Monday, March 24, 2008

On Creativity...

I have never really thought of myself as an Artist, or a Writer, or an Artisan though I have spent my entire life creating, writing (for myself, always) and making. Thinking and feeling the end products of my making. Is this what an artist is? I still don't know. Though I do know that there are people of my acquaintance who think, act, communicate and make less creatively than I do who call themselves 'creatives' or artists.

Perhaps this is a reflection of my own insecurities. I am never truly satisfied with the things I make. I always know where I could have done better, where my 'allah marks' are (the imperfections in the finished item - as only allah is perfect - imperfections that nobody else notices but which I know exist), the corners I can and have cut, that the leg-seam should have been pressed over 5 cm further down/up or that there is a crack in the paint where I didn't let the first coat dry long enough. The list goes on. Maybe all artists feel this way, I don't know.

All I know is that I am only ever truly at peace when I am making. Cooking, sewing, knitting, gardening, painting, gluing, whatever. And I am slowly coming around to the idea that this makes me 'creative'. That there is some primal urge within me to make 'somethings' from 'nothings'. Not for other people to admire but for my own sanity.

Perhaps this is the true measure of creativity. Not whether someone calls themselves creative but the carry through, the action that actually creates. By this measure I am creative.

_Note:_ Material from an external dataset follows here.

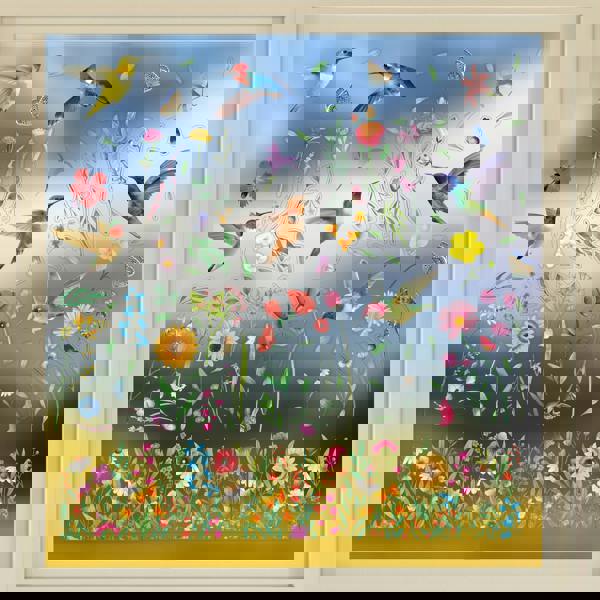 WALPLUS C2WSW024 - Huge Hummingbirds with Watercolour Wildflower Meadow Window Clings - WSW3003 + WSW6011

It is time to call myself so.

I have slowly budding ideas, in time I shall flesh them out and in the meanwhile I will keep making.
posted by elaine, 2:00 pm

4 Comments:

I find that calling yourself an artist (within the limited number of opportunities one has occasion to do so) may feel pretentious at first. Then you get used to it. Then you realise people think artists are scum so there's not much point feeling daunted by the title. And yes, there's a lot of people out there who are way less creative than you calling themselves artists. The bad apples! Spoiling it for the rest of the class!

It's also never really be clear to me how to distinguish a craftsperson from an artist. I usually go back to my calligraphers and poets analogy. It pays to be a little of both.
commented by Blogger Fluffy, March 25, 2008 5:08 pm  
I think I like Artisan. It conveys a bit of both.

Did you know that way back when, the 'when' being when there were guilds and so forth, that the knitters guild was one of the most prestigious? And to earn the title of Master Knitter that you had to knit a pair of silk stockings for a nobleman using wire as the needles.
commented by Blogger elaine, March 25, 2008 8:53 pm  
Shit! I'd be swearing a bit. And the nobleman's legs might have to be the shape I happened to make the stockings rather than the other way around. Cakes is currently happy as a clam knitting a beanie and I'm doing gloves (sawn off mittens really) so if a crafternoon is in order I'm happy to host.

x
commented by Blogger Fluffy, March 26, 2008 11:05 pm  
Where do I order a scarf? I cant find the paypal link for merchadise.

As a writer I find it rather silly when somebody calls themself an artist and doesn't say what kind. Sometimes it makes sense if one sculpts and does performance art and oil painting but often it means that they don't have one focus.